* [Exercise data]

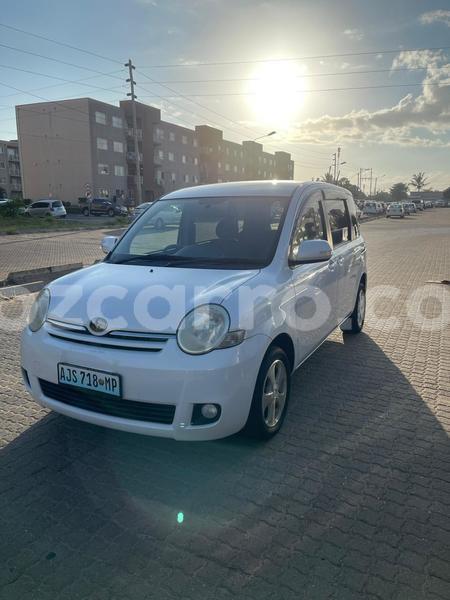 Big with watermark toyota sienta maputo maputo 32201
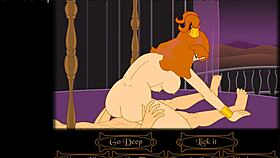 Jandora: Chapter One - The King's Oasis Flash Game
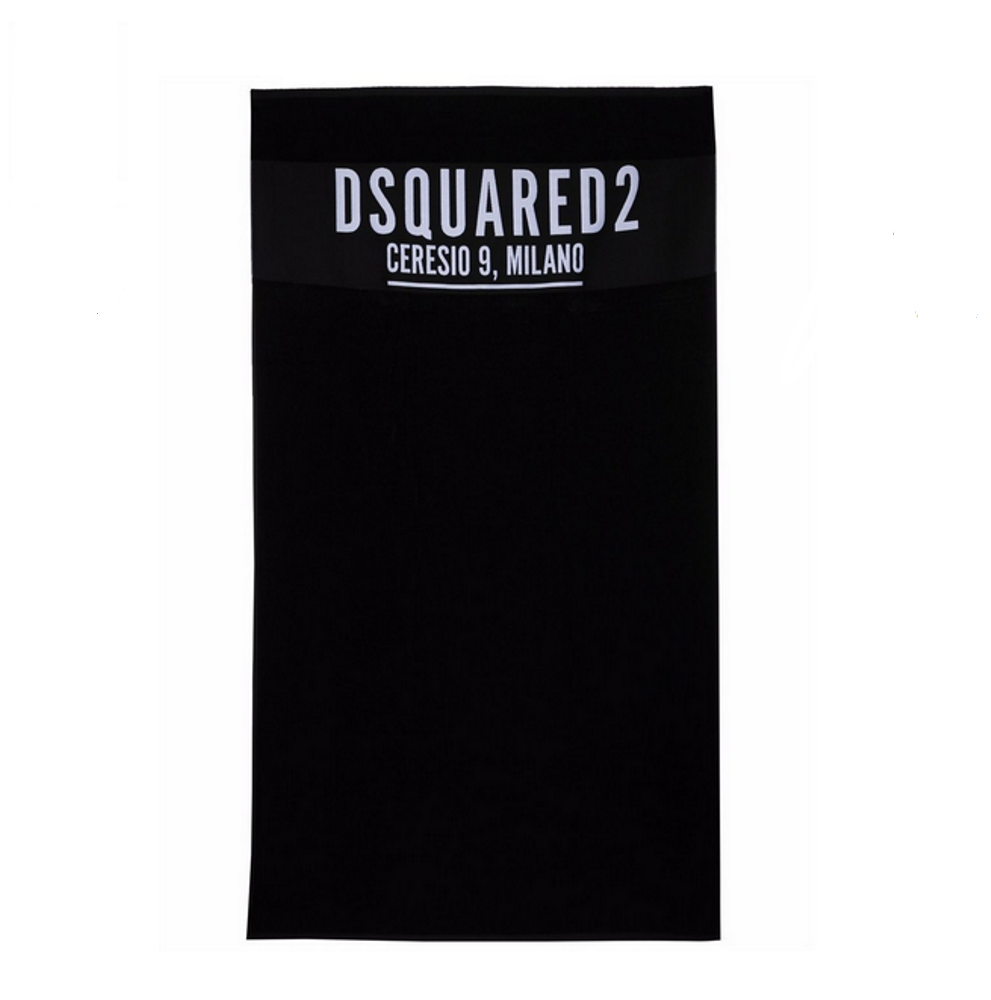 Dsquared2 Cerecio 9 Milano Πετσέτα Θαλάσσης D7P004000.01UN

* [Work request] Please reproduce only the lines from the one holding "Jandora: Chapter One" through the final line of the listing above, both included, with each picture left out.

* [Exercise answer]
 Jandora: Chapter One - The King's Oasis Flash Game
 Dsquared2 Cerecio 9 Milano Πετσέτα Θαλάσσης D7P004000.01UN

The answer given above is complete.